## What you need to do
With pictures left out, copy exactly every line from the one containing "Some other toolbar" through the end of the material.

## Data shown
━━━━━━━━━━━━━━━━━━━━━━━━━━━━━━
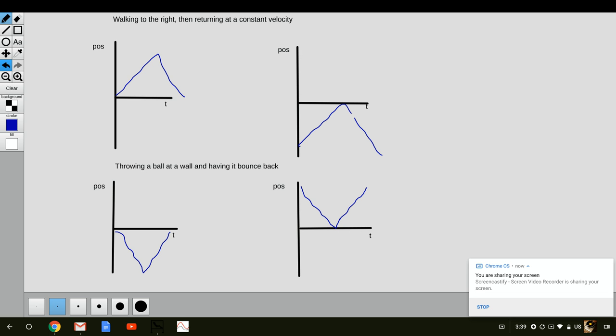So the key things to remember here is when you're changing the location of the origin, the graph itself does not change. The shape of the graph does not change because the motion is not changing. However, what we consider to be positive or negative does change.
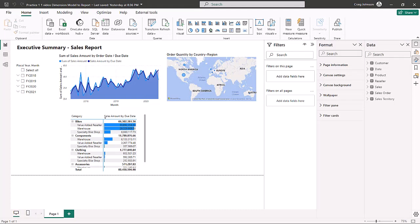In today's video, we are going to show you how to create a report using a dimension model that we import from Excel. There'll be a link to the tutorial and the Excel file in the description below. This is going to take about 15 minutes, and we're going to be doing things like creating hierarchies, building relationships, importing data from Excel, creating a couple of DAX measures, and building out the following visuals. We're going to start off with a blank report in Power BI.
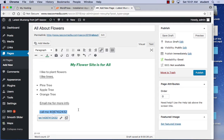Some other toolbar options include indenting, special characters, and a clear-formatting button that erases bold, italic, color — all formatting — and resets to default. There's also a 'Read More' button, which you may have seen on blogs where a snippet shows and you click to expand more information.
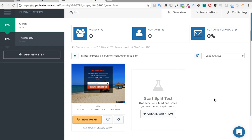Hey guys, in this video I'm going to talk about one of the most important things that most internet marketers leave out: installing the Facebook Pixel. There are many different reasons why you should do that. Even if you are doing email marketing or any other kind of marketing, you should always install a pixel on your funnel and you should be doing it right.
━━━━━━━━━━━━━━━━━━━━━━━━━━━━━━
## Answer area
Some other toolbar options include indenting, special characters, and a clear-formatting button that erases bold, italic, color — all formatting — and resets to default. There's also a 'Read More' button, which you may have seen on blogs where a snippet shows and you click to expand more information.
Hey guys, in this video I'm going to talk about one of the most important things that most internet marketers leave out: installing the Facebook Pixel. There are many different reasons why you should do that. Even if you are doing email marketing or any other kind of marketing, you should always install a pixel on your funnel and you should be doing it right.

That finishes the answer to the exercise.